**TASK PROMPT:**
Please transcribe exactly the lines from the line holding "X0000112090936200908041045" through the end of the data below, and skip any pictures.

**SOURCE RECORDS:**
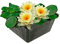 vdvelde.com - Gelbe Seerose - Nymphaea Marliacea Chromatella - - Große Seerose- Ausgewachsene Höhe: 10 cm- Platzierung: -10 bis -100 cm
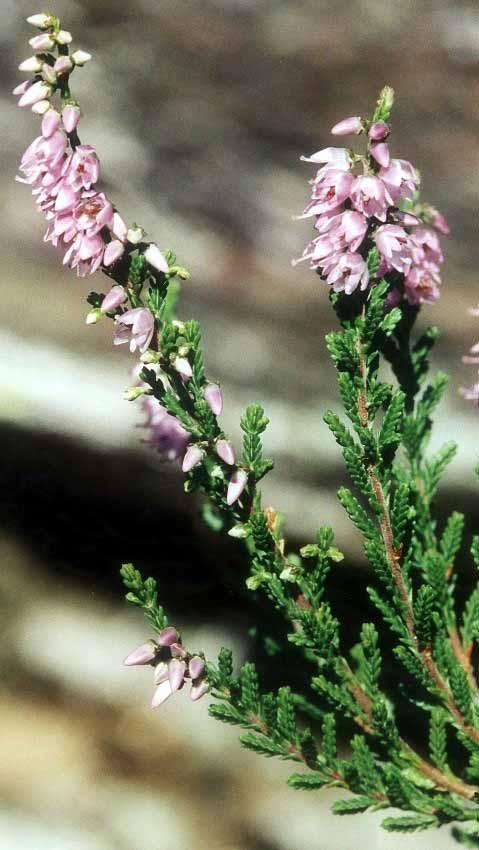 Calluna Vulgaris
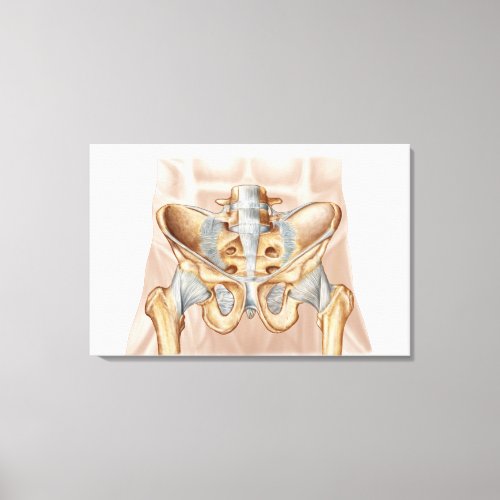 Anatomy Of Human Pelvic Bone And Ligaments Canvas Print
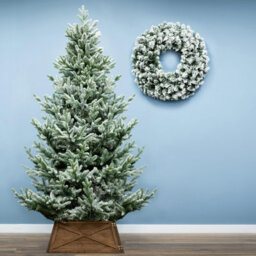 Christmas Tree World The 7Ft/210Cm Frosted Ultra Mountain Pine - thumbnail 2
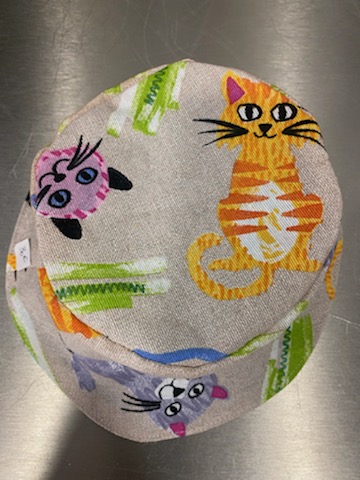 BOB fond jaune petit chat – Image 4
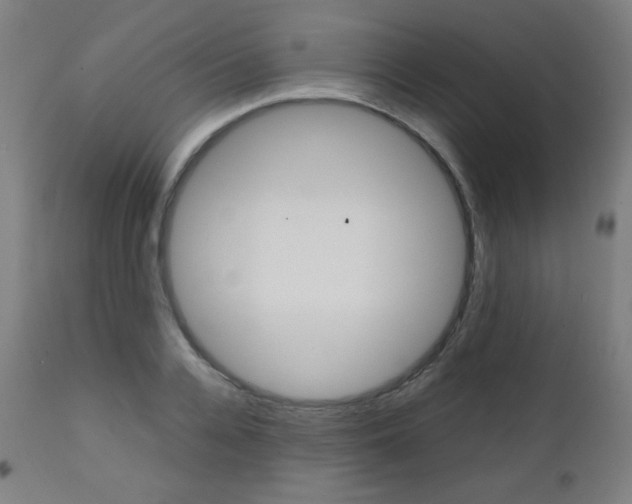 X0000112090936200908041045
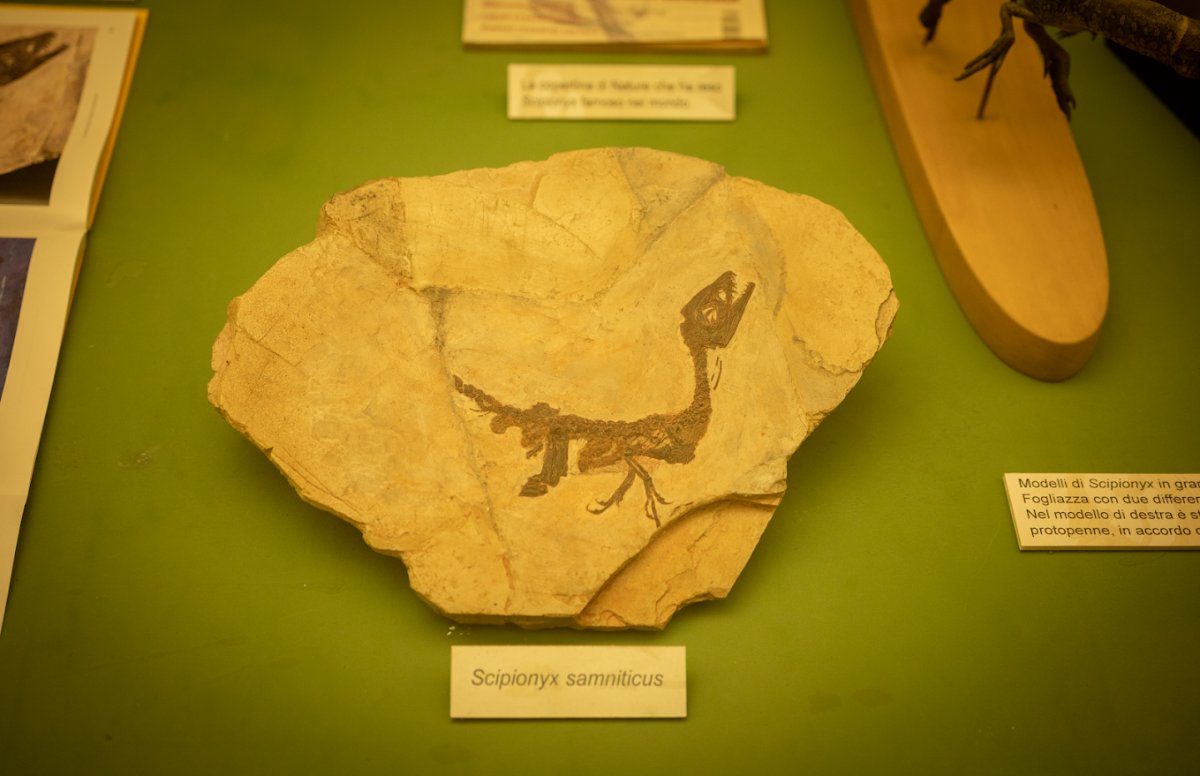 Locandina di Le avventure di BabyDino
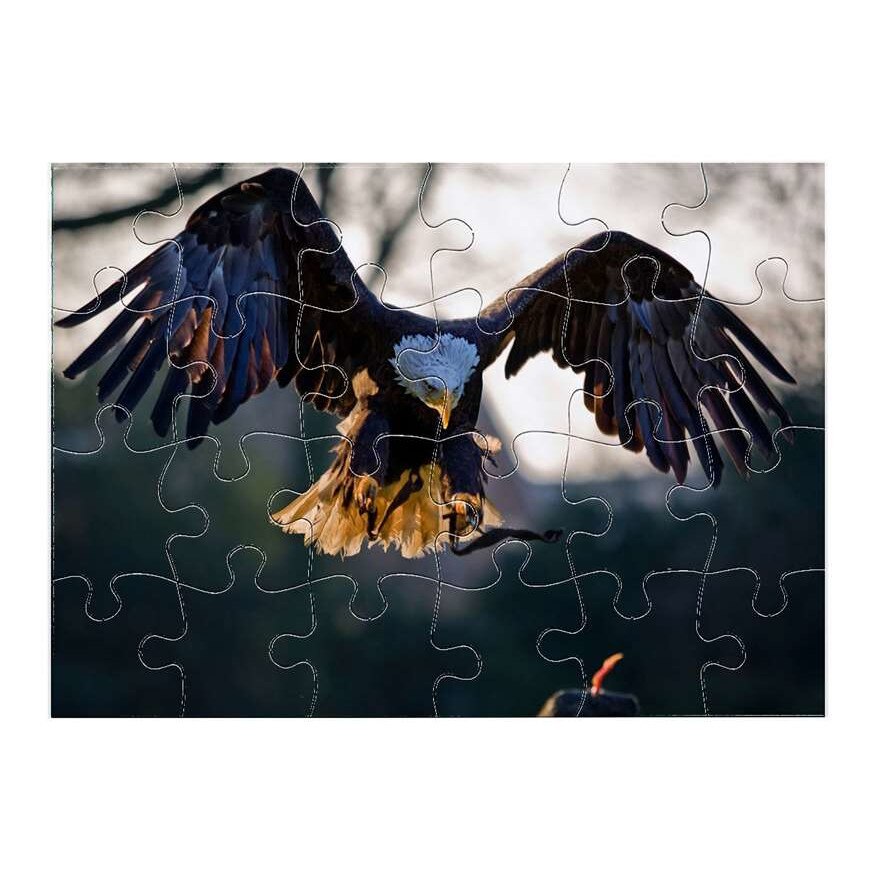 Sas madár 11011 puzzle 24 darabos - eMAG.hu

**ANSWER SPACE:**
 X0000112090936200908041045
 Locandina di Le avventure di BabyDino
 Sas madár 11011 puzzle 24 darabos - eMAG.hu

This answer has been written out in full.